Estimate Parameters using Shapiro-Wilk test of normality

shapiro.test(diabetes$glyhb)
## 
##  Shapiro-Wilk normality test
## 
## data:  diabetes$glyhb
## W = 0.7218, p-value < 2.2e-16

We reject the H0 that the response variable, percent glycosolcated hemoglobin, is normally distributed.

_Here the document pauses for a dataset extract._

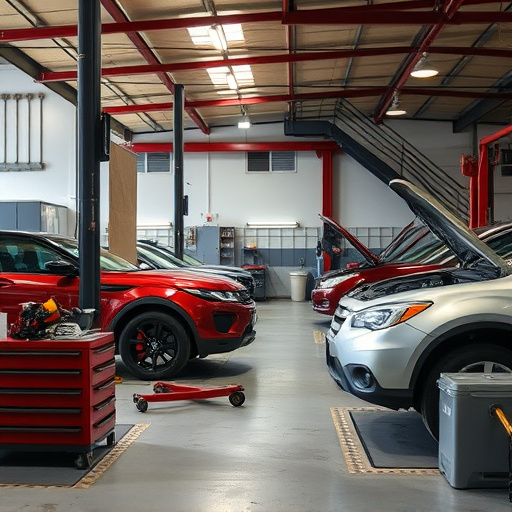 auto repair workshop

Thus, we attempt to transform the data:

shapiro.test(diabetes$glyhb^2) 
## 
##  Shapiro-Wilk normality test
## 
## data:  diabetes$glyhb^2
## W = 0.5748, p-value < 2.2e-16
shapiro.test(sqrt(diabetes$glyhb)) 
## 
##  Shapiro-Wilk normality test
## 
## data:  sqrt(diabetes$glyhb)
## W = 0.7956, p-value < 2.2e-16
shapiro.test(log(diabetes$glyhb)) 
## 
##  Shapiro-Wilk normality test
## 
## data:  log(diabetes$glyhb)
## W = 0.8624, p-value < 2.2e-16
shapiro.test(log10(diabetes$glyhb)) 
## 
##  Shapiro-Wilk normality test
## 
## data:  log10(diabetes$glyhb)
## W = 0.8624, p-value < 2.2e-16
shapiro.test(1/diabetes$glyhb) 
## 
##  Shapiro-Wilk normality test
## 
## data:  1/diabetes$glyhb
## W = 0.9487, p-value = 2.171e-10

It appears that the data cannot be readily transformed into a normal distribution, which causes reliability issues with the model.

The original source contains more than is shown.